One of my current work projects is this collection of selected passages from Thucydides, summarized and translated by Woodruff. It is not a scholarly work in the traditional sense, featuring a stated thesis, supported by analysis of evidence. The scholarship lies in the curation and translations, which present an argument about what Thucydides’ preoccupations and concerns are. Namely, what it means to pursue justice, how power is deployed, and the influence of human nature on actions and outcomes.
I’m finding it thought provoking in the extreme. The way Woodruff puts passages side-by-side has made me not only see things in Thucydides that I had not been consciously aware of before but also think about ancient Greek festivals, and culture at large, from a new perspective. It has made me even more convinced of the need for cross-disciplinary studies.
Here is one of the more famous (at least in the anglophone scholarship I’ve read) passages, rendered three ways:
Thucydides: «κτημα τε σε αιει μάλλον η αγώνισμα ες το παραχρημα ακουειν ξυγκειται.» *
Benjamin Jowett: “My history is an everlasting possession, not a prize composition which is heard and forgotten.”
Rex Warner: “My work is not a piece of writing designed to meet the taste of an immediate public, but was done to last for ever.”

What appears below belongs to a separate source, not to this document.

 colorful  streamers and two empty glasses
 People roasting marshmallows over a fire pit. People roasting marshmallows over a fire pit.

Woodruff: “this was composed to be a lasting possession and not to be heard for a prize at the moment of a contest.”
I would love to hear your thoughts on Thucydides and translations of him (and challenges therein) in the comments, as always.
* friendly reminder that my modern Greek keyboard does not allow me to reproduce the breathings and accents, so spellings are approximate.

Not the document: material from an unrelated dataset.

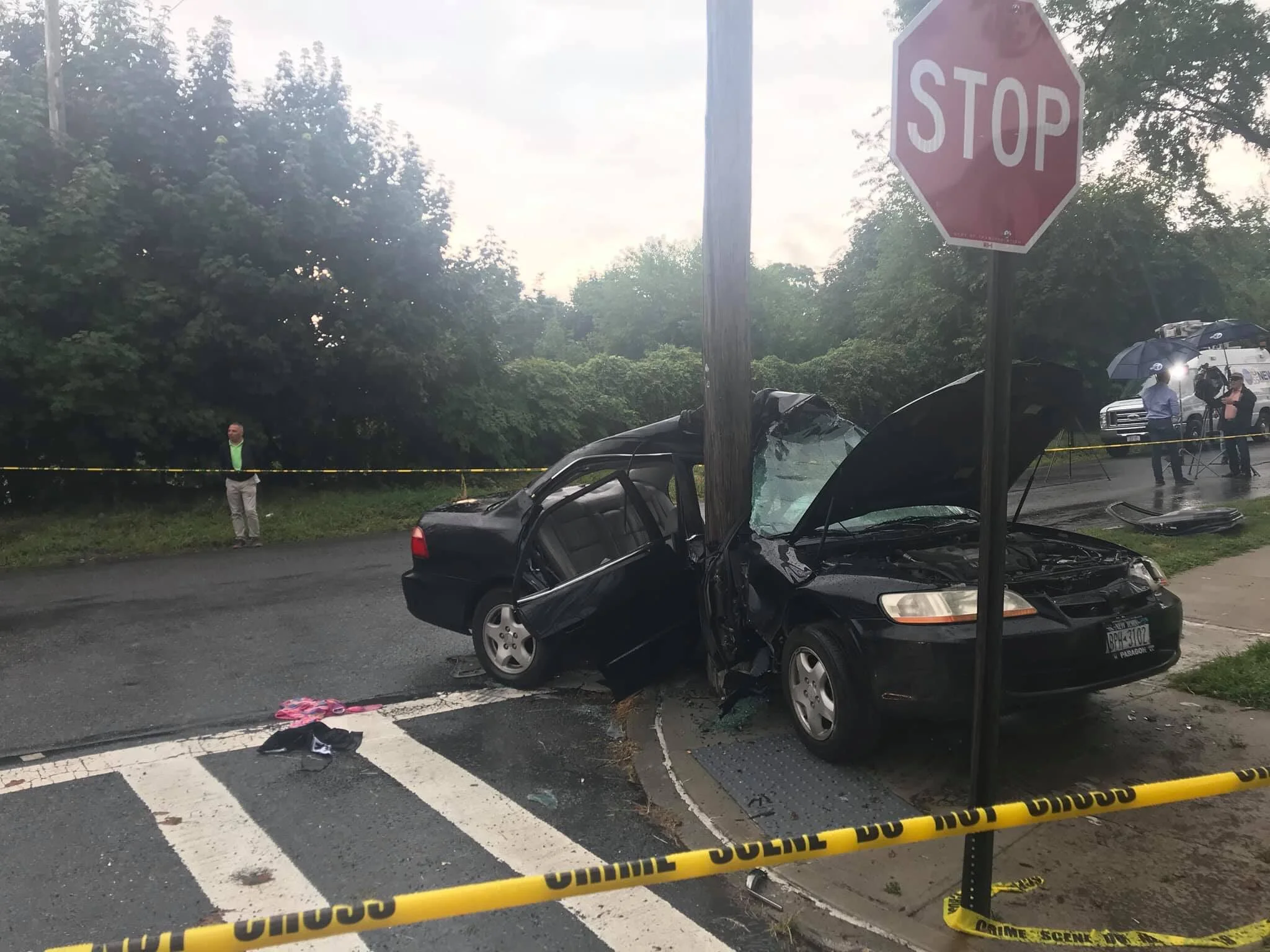Three women injured when their car strikes telephone pole in Middle Village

I love comparing translations. I wish I could read Ancient Greek, alas! Which translation of the three do you think is most accurate? That aside, is there one that you prefer? To me, as someone who can’t read the origin language, I feel like the Rex Warner version is the most pleasant but I feel like it might be farthest from the original because something about the turn of phrase feels very modern.

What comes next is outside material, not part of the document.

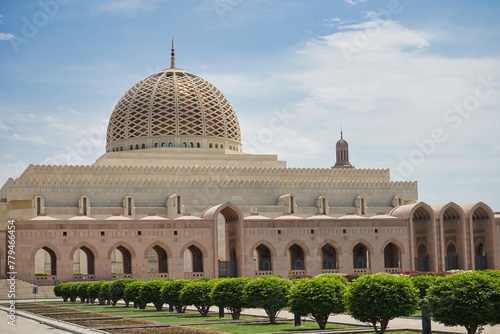 Central dome and gardens of the lavish Sultan Qaboos Grand Mosque on a sunny Ramadan day in Muscat, Oman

I love comparing them as well! It’s so fascinating and prompts me to think more deeply about the choices I and other translators make and what is happening in the original. I definitely prefer Jowett and Woodruff because they’re more precise. Though the grammar is hard to parse in Thucydides, there seems to be a definite reference to a contest, which makes me think he is contrasting his history, which he written to be read and reread and apply to any situation, with myth retellings that are shaped for the moment of performance. Long story short: You have awesome instincts! Warner, to me, feels like he is leaving the historical context (ironically?!) behind and making it more accessible for a non-specialist modern audience.